Ümmetçilik rüyası
19. yüzyılın sonlarında Osmanlı’nın çöküşünü önlemek için ortaya atılan fikirlerden biri İslamcılık, bir başka deyişle ümmetçilikti. Müslüman toplulukların bir araya gelerek Batı’nın yükselişine karşı koyabileceği tezine dayanan bu fikrin, Arapların önemli bir bölümünün Birinci Dünya Savaşı’nda İngilizlerle işbirliği yaparak Osmanlı ordusuna karşı gelmeleriyle ne kadar anlamsız ve uygulanamaz olduğu görüldü.
Başarısız olmasına rağmen, cumhuriyetin kuruluşundan sonra bu düşünceler belli çevrelerde savunulmaya devam etti. Karşı devrimciliğin giderek yükselmesiyle de tekrar gündeme oturdu. Buna göre üst kimlik Müslümanlık olmalı, bu yolla diğer İslam ülkeleriyle birliktelik sağlanarak onlara öncülük edilmeliydi.
Erbakan’ın başbakanlığı döneminde kurulan D-8 bu yönde bir çabanın ürünüydü. Amaç İslam ülkelerinin ekonomik işbirliğini güçlendirmekti. Ancak adından da anlaşılacağı gibi sadece sekiz ülke bu oluşuma katılmış, ABD’ye yakın olan Suudi Arabistan gibi ülkeler bu işbirliğine itibar etmemişlerdi. Birinci Dünya Savaşı yıllarında İngilizlerle yapılan işbirliği 80 yıl sonra bu defa ABD ile sürdürülüyor, İslam birliği göz ardı edilmeye devam ediyordu.

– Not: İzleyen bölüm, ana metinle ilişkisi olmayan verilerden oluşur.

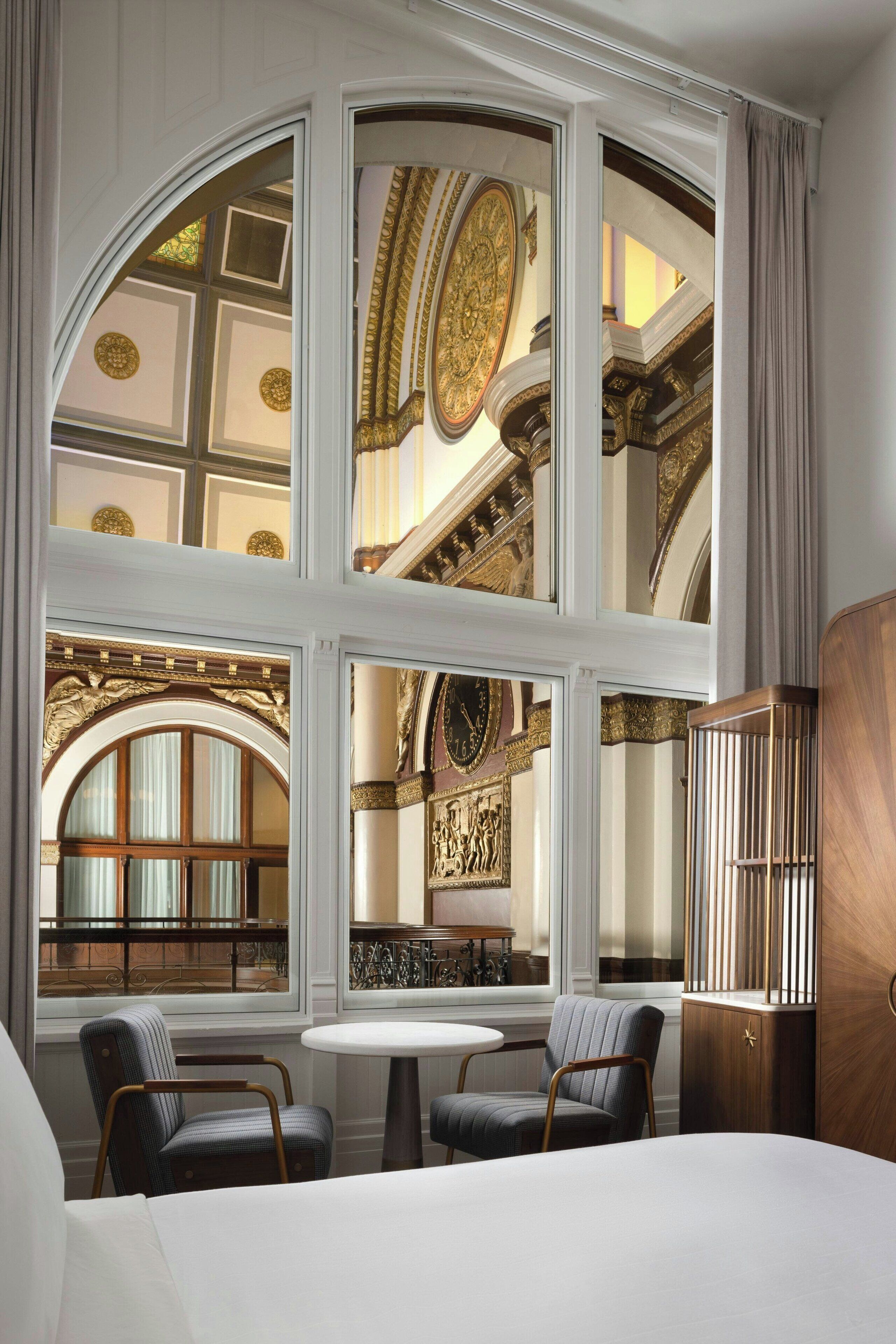 deluxe room, 1 king bed, non smoking | 1 bedroom, premium bedding, down duvets, pillow-top beds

Erbakan’dan beş yıl sonra iktidara gelen öğrencileri, ilk yıllarındaki Batı yanlısı politikalarını bir süre sonra terk ederek hocaları gibi İslam birliğine yönelme yolunu seçtiler. Ahmet Davutoğlu önce yazdığı kitaplarla ardından bakan olarak üstlendiği sorumlulukla bu yönde adımlar atmaya başlayarak Türkiye’yi İslam ülkelerinin öncüsü ve hamisi durumuna getirmeye çalıştı.
Ancak sonuç, tıpkı yüzyıl önce olduğu gibi fiyaskoydu. İslam ülkelerinin Türkiye’den böyle bir beklentileri olmadığı gibi, bu amaçla ülkeye alınan sığınmacılar da özellikle sosyolojik açıdan sorunlar yaratmaya başladı. Müslüman Suriyelilerin ülkeye alınmasıyla iki topluluk arasında kardeşliğin büyüyeceğini düşünenler, gerek işsizlik gerekse kültürel sebeplerle birbirlerini öldürmeye varan kavgalarla yüzleşir oldular. Beklenen gerçekleşmemiş, aksine öfke daha da büyümüştü.
Tayyip Erdoğan’ın hafta içinde yaptığı açıklama, bu konuda iktidarın birçok meselede olduğu gibi yine ders almadığını kanıtladı. Müslümanlığın üst kimlik olduğunu söyleyen cumhurbaşkanı, bu tanımlamanın içte ve dışta yarattığı sorunları umursamadığını gösterdi.
Her şeyden önce, bazıları yukarıda da verilen sayısız örnek bir yana bırakılsa bile, son iki yılda Gazze’de yaşananlar karşısında İslam ülkelerinin etkisiz kalmaları, İslam birliğinin imkânsızlığının en net göstergesidir. Bu kadar açık bir katliam karşısında bile ortak bir ses çıkaramayan bu ülkelerin, kalıcı ve etkisi büyük bir işbirliğine gitmeleri mümkün değildir.
Türkiye özelinde ise siyasal İslamcı iktidarın izlediği politikaların özellikle gençler arasındaki belli bir kesimin dinden uzaklaşmasına yol açtığı diyanetin bile zaman zaman üzerinde durduğu bir gerçektir. İslam’ın siyasallaştırılmasının inanca verdiği zarar bu kadar açıkken Müslümanlığı üst kimlik olarak görmeye devam etmek, toplumu dinden adım adım uzaklaştırmaktan başka bir işe yaramayacaktır.